Site Reliability Engineer
Job Title : Site Reliability Engineer (SRE)
Location : Columbia, MD or Chicago, IL (Hybrid Preferred – 4 days onsite, with flexibility)
Type : Contract-to-Hire (6-12 months with potential for conversion)
About the Role
Join our dynamic Platform Engineering team as a Site Reliability Engineer (SRE). You ll be responsible for ensuring the reliability, scalability, and performance of our systems, working in a fast-paced and collaborative environment. The role is open to both senior engineers (5+ years of experience) and junior engineers (3+ years of experience) looking to grow their skill set.
Key Responsibilities
- Design, build, and maintain scalable, reliable infrastructure and services.
- Implement monitoring, alerting, and incident response systems to ensure high availability.
- Automate repetitive tasks to reduce manual toil and improve system efficiency.
- Collaborate with development and DevOps teams to enhance application reliability.

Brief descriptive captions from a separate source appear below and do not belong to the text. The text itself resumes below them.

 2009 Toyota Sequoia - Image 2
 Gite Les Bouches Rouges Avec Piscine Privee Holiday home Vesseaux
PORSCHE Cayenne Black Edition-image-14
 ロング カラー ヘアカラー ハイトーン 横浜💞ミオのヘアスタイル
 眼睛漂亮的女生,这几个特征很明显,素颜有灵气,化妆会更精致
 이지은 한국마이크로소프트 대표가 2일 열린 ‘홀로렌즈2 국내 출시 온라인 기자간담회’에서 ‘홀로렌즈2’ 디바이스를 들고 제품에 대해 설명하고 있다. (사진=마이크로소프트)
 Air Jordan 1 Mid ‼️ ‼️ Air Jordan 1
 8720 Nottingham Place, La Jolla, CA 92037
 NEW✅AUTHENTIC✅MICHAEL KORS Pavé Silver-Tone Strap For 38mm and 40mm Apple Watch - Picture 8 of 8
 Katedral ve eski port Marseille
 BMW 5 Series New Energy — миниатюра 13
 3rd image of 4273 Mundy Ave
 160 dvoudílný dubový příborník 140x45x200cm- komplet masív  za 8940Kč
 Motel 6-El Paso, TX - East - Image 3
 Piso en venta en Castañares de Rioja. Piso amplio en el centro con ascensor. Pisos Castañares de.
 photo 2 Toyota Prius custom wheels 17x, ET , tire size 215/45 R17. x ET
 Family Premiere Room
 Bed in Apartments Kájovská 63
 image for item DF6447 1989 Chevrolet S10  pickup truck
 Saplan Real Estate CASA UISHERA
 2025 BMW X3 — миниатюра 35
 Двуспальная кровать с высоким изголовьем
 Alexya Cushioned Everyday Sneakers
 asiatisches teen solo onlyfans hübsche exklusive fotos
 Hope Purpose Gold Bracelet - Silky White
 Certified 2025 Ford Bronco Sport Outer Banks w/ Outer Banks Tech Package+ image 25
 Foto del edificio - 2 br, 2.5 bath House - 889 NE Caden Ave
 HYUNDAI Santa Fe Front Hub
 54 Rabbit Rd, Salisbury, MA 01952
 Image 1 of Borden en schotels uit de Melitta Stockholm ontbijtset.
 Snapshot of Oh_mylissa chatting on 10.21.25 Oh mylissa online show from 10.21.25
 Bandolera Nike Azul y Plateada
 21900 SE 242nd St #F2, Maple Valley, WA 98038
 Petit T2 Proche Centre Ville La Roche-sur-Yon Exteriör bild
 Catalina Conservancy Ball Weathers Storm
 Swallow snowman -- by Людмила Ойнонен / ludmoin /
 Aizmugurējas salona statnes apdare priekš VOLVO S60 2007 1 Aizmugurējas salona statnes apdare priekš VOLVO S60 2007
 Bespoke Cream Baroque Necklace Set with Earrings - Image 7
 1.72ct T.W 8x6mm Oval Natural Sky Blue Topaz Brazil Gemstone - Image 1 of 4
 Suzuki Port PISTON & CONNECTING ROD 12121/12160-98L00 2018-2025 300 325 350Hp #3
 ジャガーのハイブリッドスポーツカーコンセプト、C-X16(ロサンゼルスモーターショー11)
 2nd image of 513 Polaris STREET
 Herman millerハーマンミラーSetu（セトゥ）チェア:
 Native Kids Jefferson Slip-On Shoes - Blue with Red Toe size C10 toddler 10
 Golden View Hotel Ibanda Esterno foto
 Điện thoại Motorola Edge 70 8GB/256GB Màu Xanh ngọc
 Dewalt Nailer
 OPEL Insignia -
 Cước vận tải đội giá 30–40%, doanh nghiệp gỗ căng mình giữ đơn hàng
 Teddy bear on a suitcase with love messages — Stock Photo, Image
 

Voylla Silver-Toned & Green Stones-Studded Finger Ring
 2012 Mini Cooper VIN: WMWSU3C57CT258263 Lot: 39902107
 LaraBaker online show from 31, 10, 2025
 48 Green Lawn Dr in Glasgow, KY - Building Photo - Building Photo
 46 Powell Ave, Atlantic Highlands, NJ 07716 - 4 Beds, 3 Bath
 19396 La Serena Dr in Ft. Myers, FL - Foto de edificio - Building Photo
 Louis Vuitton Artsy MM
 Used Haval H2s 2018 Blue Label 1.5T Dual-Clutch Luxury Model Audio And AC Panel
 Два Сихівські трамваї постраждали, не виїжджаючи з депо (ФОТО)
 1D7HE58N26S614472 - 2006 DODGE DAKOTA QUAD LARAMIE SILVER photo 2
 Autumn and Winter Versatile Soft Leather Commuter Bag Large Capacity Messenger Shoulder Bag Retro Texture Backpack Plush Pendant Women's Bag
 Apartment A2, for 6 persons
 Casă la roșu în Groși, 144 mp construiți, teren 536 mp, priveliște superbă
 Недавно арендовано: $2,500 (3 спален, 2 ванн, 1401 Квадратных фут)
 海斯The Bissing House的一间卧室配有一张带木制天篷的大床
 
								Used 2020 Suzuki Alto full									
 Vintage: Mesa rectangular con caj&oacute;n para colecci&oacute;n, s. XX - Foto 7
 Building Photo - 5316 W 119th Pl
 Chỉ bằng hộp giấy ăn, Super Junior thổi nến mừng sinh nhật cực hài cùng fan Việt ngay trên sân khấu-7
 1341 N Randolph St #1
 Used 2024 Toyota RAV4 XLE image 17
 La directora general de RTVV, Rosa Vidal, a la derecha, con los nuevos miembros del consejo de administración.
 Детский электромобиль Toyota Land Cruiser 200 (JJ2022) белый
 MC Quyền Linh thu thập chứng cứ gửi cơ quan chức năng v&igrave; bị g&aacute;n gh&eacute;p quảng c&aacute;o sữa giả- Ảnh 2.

- Conduct root cause analysis and post-mortems for production incidents.
- Define and track SLOs, SLIs, and error budgets to measure system health.
- Participate in on-call rotations and handle incidents promptly.
- Continuously enhance system performance, reliability, and cost-efficiency.
- Maintain code quality using SonarQube.
- Support CI/CD pipelines, with a focus on Harness (training provided).
Required Qualifications
- Bachelor s degree in computer science, Engineering, or related field or equivalent experience.
- 3+ years (junior) / 5+ years (senior) experience in SRE, DevOps, or Systems Engineering.
- Strong expertise in SonarQube.
- Proficiency in at least one programming language (Python, Go, Java, etc.).
- Hands-on experience with cloud platforms (AWS, Google Cloud Platform, or Azure).
- Solid Linux systems and networking knowledge.
- Experience with containerization (Docker, Kubernetes).
- Familiarity with CI/CD tools and infrastructure-as-code (Terraform, Ansible).
- Experience with monitoring tools (Prometheus, Grafana, Datadog).